China’s central bank announced on Thursday (January 13) that local enterprises can now use the renminbi to launch businesses or fund acquisitions overseas on a trial basis.
The announcement marks another important step towards expanding the currency’s role in the global economy. The go-ahead came one day after US Treasury Secretary Timothy Geithner urged Beijing to appreciate the renminbi’s value against the US dollar faster, and a week before Chinese President Hu Jintao visits Washington.
The scope of the programme, described as a pilot, will be limited. Although there is no stated limit on the investment size, only non-financial enterprises registered in regions approved under the renminbi cross-border trade settlement scheme are eligible.
Foreign firms that receive renminbi, otherwise known as the yuan, in payment will have just a handful of options on how to use it.

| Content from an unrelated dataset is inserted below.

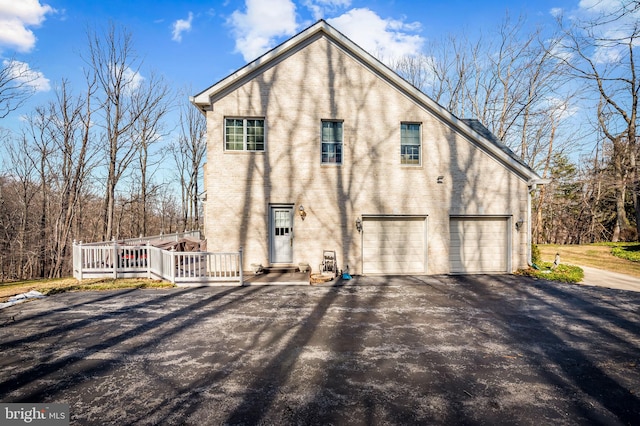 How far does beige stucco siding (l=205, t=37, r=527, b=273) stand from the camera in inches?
426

Aside from buying Chinese goods they would only be able to store the currency in low-yielding bank accounts, invest it in a relatively small number of renminbi-denominated assets or swap it for other currencies, since Beijing still maintains strict capital controls and restrictions on currency trade.
Last July China started to use Hong Kong as a testing ground, encouraging international companies and investors to hold and trade renminbi-denominated products. The so-called dim sum bonds (offshore renminbi bonds) are a part of that plan.
The city’s renminbi deposits had reached Rmb280 billion (US$42.5 billion) by the end of November, rising fourfold from Rmb90 billion in June.
HSBC predicts that in three to five years at least half of China’s trade flows with other developing economies, or roughly US$2 trillion, will be conducted in renminbi, making the renminbi one of the top three global trading currencies.
Yet as the currency continues to accumulate offshore, Beijing will also find it increasingly difficult to keep a tight grip on its capital account and prevent unwanted capital from pouring in.
“In order for renminbi to be widely used, the country will need to provide foreigners holding renminbi with more investment models, and over time it needs to open up its own onshore market as well,” said Qu Hongbin, HSBC’s Greater China chief economist in a press conference on January 14.
The scheme certainly provides another channel for the supply of renminbi in offshore markets. It encourages the subsequent use of the currency beyond China’s borders and reduces the country’s reliance on the US dollar.
But it is still a baby step towards the final destination of creating a truly international currency.
In the longer term, China will still have to open up its own financial market, grant investor access to mainland bond markets and let the renminbi freely trade on the international foreign exchange market if it is to become the world’s new global reserve currency.
The powers that be in Beijing remain many years away from being comfortable enough to open their economy up to those sort of changes. For all its positive moves in the past two years, China remains a very long way from possessing a truly international currency.